Pezzi «eccezionali» del gasdotto di Gazprom transitano da Venezia

19 dicembre 2013

Avete presente l’imponente gasdotto che collegherà Russia ed Europa, Italia compresa, saltando in pratica l’Ucraina? Ebbene il SouthStream – è questo il suo nome – fortemente voluto dalla società russa Gazprom  per trasportare 63 miliardi di metri cubi di gas all’anno dalla Russia all’Austria, passando attraverso Mar Nero, Bulgaria, Serbia, Ungheria e Slovenia, transita dal porto di Venezia, nel senso che alcune parti dell’impianto vengono movimentate dal terminal Transped. Un’operazione di trasporto eccezionale molto complessa, portata avanti anche grazie alla collaborazione con operatori tedeschi, che diventa emblematica di quanto il settore stia sempre più crescendo all’interno dello scalo veneziano.

Dalle banchine di Marghera nel 2013 sono passati oltre 1400 carichi eccezionali (+57% rispetto al 2012), tra i quali i pezzi dei più grossi impianti mondiali diretti verso la Cina, i mercati del Golfo Persico e del Mar Nero.

Un settore, quello dei cosiddetti project cargo, che vale tra i 700 e i 1000 milioni di euro l’anno e che vede in Venezia e nei suoi terminal i leader a livello europeo. Tutto ciò è reso possibile dalla conformazione fisica del territorio retrostante che assicura al porto la massima accessibilità grazie a strade con pendenze praticamente nulle e senza attraversamenti in galleria o restringimenti di carreggiata, una grande domanda di movimentazione dei project cargo, visto che siamo nel cuore produttivo italiano del settore degli impianti industriali, ma anche una rete qualificata di terminalisti, trasportatori, spedizionieri specializzati, cresciuta progressivamente nel tempo.

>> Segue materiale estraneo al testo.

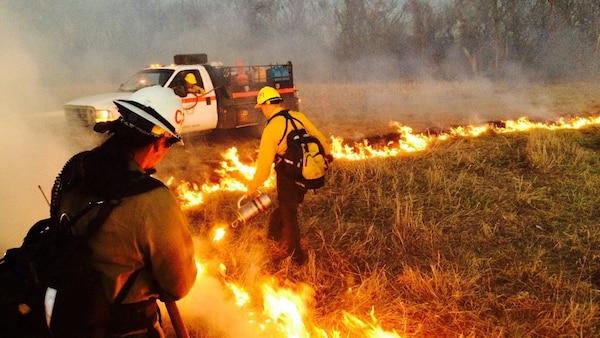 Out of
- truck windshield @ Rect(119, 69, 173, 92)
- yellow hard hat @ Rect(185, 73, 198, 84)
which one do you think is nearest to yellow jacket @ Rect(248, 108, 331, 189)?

In più Venezia offre anche la straordinaria opportunità di poter movimentare il project cargo per via fluviale. Via chiatta i project cargo arrivano a Venezia da Cremona e dal Porto fluviale di Mantova, lungo l’asta idroviaria si può trasportare merce senza, di fatto, limitazioni di peso e con altezze di  8 metri grazie all’impiego di chiatte affondabili.